To get the values of $a$, $b$ and $c$ from the given equation, we rearrange the equation and compare it with the general form of the quadratic equation.
$
9{x^2} = 25 \\
\Rightarrow 9{x^2} - 25 = 0 \\
$
General form of quadratic equation is written in the form of $a{x^2} + bx + c = 0$, where $a$ is the coefficient of ${x^2}$, $b$ is the coefficient of $x$ and $c$ is the constant term. The RHS is $0$.
On comparing the above rearranged equation with the general form, we observe that
Coefficient $a$ of ${x^2}$ is $9$,
Co-efficient $b$ of $x$ is $0$,
and the constant term $c$ is $ - 25$.
Thus, $a = 9$, $b = 0$and $c = - 25$.
Now we put the values of $a$, $b$ and $c$ in the quadratic formula to solve for the value of $x$.
\[
x = \dfrac{{ - b \pm \sqrt {{b^2} - 4ac} }}{{2a}} \\
\Rightarrow x = \dfrac{{ - 0 \pm \sqrt {{0^2} - 4 \times 9 \times ( - 25)} }}{{2 \times 9}} \\
\Rightarrow x = \dfrac{{ \pm \sqrt { - 36 \times ( - 25)} }}{{18}} \\
\Rightarrow x = \dfrac{{ \pm \sqrt {900} }}{{18}} \\
\]
Since square root of $900$ is $30$, we write the above equation as:
\[ \Rightarrow x = \dfrac{{ \pm 30}}{{18}}\]
In simplified form,
$x = \dfrac{{30}}{{18}}or\dfrac{{ - 30}}{{18}}$
Dividing the numerator and denominator by common factor $6$,
$x = \dfrac{5}{3}or\dfrac{{ - 5}}{3}$.
Thus, the two values that we get on solving the given equation by quadratic formula are $\dfrac{5}{3}$ and $\dfrac{{ - 5}}{3}$.
Note: Another method to solve for $x$ in the quadratic equation is by factorization.
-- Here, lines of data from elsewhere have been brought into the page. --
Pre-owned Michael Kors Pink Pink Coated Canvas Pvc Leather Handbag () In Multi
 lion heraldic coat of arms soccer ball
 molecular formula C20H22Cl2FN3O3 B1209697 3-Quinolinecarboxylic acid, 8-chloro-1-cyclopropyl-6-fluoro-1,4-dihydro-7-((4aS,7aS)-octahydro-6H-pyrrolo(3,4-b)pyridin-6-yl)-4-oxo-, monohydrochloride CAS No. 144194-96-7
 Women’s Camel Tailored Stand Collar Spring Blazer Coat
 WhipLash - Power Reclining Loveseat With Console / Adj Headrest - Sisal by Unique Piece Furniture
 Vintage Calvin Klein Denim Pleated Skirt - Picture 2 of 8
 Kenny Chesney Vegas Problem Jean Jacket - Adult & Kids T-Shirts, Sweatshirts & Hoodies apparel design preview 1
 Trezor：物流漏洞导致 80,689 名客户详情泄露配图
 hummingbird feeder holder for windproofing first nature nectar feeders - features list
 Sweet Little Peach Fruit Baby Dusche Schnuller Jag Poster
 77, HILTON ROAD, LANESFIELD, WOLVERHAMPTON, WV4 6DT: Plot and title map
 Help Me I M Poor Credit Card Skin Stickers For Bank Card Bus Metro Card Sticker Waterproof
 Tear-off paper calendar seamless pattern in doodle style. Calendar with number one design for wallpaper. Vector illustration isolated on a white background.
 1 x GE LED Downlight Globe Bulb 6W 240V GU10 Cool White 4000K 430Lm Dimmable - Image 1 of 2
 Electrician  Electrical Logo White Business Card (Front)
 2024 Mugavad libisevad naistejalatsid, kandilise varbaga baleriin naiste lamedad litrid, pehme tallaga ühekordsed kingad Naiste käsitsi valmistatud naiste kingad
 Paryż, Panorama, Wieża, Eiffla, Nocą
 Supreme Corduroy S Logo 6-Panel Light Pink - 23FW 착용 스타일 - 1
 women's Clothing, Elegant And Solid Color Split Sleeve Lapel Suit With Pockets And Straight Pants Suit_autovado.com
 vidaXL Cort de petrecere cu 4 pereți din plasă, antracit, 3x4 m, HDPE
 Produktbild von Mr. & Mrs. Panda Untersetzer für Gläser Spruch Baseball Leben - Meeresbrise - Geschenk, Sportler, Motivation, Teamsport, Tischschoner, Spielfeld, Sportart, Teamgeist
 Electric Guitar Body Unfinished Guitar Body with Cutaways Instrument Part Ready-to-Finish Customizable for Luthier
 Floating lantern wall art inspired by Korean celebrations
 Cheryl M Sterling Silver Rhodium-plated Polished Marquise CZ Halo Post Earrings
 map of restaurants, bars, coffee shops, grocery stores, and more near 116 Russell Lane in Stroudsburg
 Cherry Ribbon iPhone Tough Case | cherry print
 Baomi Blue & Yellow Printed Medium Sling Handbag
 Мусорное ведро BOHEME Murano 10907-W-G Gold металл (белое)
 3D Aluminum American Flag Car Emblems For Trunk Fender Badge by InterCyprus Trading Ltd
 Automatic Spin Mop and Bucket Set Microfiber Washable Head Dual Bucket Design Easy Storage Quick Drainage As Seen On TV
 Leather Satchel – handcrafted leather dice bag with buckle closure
Using quadratic formula is simpler than factorization as it involves direct calculation using values of $a$, $b$ and $c$. We get two values of $x$ while solving the quadratic equation. We can check the answer by putting the result in the given equation to satisfy LHS = RHS.